For Fourier transform, $\mathcal{F}: x \rightarrow t$

$$\mathcal{F}[f](t) = \frac{1}{\sqrt{2 \pi}} \int_{-\infty}^{\infty} f(x) e^{i tx} dx$$

#### Transform to product on frequncy space



#### Parseval Relation

$$\int_{-\infty}^\infty f(-x) g(x) dx = \int_{-\infty}^\infty F(t) G(t) dt$$

## Applications in various Fields

### Mathematics

#### Polynomial multiplication

Product of two polynomial is a prime example of discrete convolution in their coefficients.

$$p_1(x) = \sum_{i=0}^n a_i x^i \in \mathcal{P}_n$$
$$p_2(x) = \sum_{i=0}^m b_i x^i \in \mathcal{P}_m$$

$$p_3 = p_1 \cdot p_2  = \sum_{i =1}^{nm} c_i x^i\in \mathcal{P}_{nm}$$


$$\mathbf{c} = (\mathbf{a} * \mathbf{b})$$

Note that, before applying form to vector convolution, dimension must be exceeded, so some elements of above vectors could be zero.

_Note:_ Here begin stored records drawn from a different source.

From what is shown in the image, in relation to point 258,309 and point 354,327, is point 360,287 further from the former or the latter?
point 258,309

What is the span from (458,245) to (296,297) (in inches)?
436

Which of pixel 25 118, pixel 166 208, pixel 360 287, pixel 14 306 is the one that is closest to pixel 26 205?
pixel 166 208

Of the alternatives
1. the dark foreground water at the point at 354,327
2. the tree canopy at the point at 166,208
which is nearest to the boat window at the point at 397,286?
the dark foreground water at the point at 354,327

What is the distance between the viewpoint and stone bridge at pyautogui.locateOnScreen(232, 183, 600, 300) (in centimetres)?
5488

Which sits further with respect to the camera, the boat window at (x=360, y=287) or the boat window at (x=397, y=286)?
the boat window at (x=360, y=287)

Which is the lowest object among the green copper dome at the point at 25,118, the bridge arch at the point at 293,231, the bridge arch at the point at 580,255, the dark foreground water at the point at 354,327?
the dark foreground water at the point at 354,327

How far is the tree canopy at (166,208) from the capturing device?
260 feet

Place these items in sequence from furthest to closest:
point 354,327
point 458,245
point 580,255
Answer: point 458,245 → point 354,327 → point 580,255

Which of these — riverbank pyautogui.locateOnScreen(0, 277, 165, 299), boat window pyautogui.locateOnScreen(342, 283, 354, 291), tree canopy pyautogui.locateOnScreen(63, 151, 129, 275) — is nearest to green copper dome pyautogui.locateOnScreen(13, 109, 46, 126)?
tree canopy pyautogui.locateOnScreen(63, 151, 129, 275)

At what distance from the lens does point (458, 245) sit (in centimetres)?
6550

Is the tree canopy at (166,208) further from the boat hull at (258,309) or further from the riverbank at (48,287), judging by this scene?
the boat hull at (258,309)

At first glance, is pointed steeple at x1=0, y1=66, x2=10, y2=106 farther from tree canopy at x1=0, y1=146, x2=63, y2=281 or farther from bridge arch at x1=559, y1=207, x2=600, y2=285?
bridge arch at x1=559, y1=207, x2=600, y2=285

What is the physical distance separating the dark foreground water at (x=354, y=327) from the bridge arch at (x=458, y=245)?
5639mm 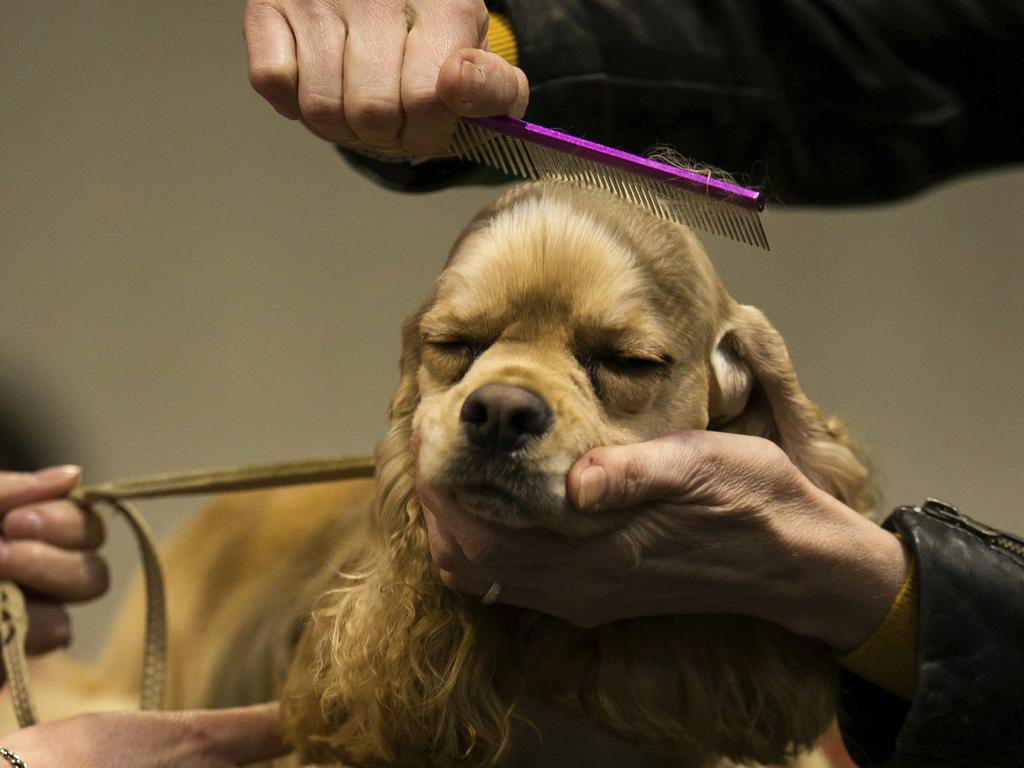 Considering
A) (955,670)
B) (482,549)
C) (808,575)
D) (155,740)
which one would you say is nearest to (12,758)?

For larger dimension of polynomial multiplication, FFT can be applied to accelerate calculation. 

#### Solution of integral equation with transformations

Fedholm equation of first kind with a difference kernel $k(x,t)= k(x-t)$ and an unknown function $\phi$ is

$$f(x) = \int_{-\infty}^{\infty} k(x-t) \phi(t) dt$$ 

It is a convolution equation and with product transform on frequncy domain we can express solution $\phi(t)$ as inverse Fourier transform. Note that below equations ignore Fourier coefficients, $a, b$.

$$f(x) = (k * \phi) (x)\\
\mathcal{F}[f] = F(t) =  \mathcal{F}[k * \phi] = K(t) \cdot \Phi(t)
$$


$$\phi(x) = \mathcal{F}^{-1} \left[\frac{F}{K}\right]$$

For Fedholm equation of second kind with a difference kernel $k(x,t)= k(x-t)$ and an unknown function $\phi$ with constan $\lambda$, 

$$\phi(x) = f(x) + \lambda \int_{-\infty}^{\infty} k(x-t) \phi(t) dt$$ 

Solution with same method of above is

$$\phi(x) = \mathcal{F}^{-1} \left[\frac{F}{1- c \lambda K}\right]$$

where $c$ is a constant depending on Fourier coefficients.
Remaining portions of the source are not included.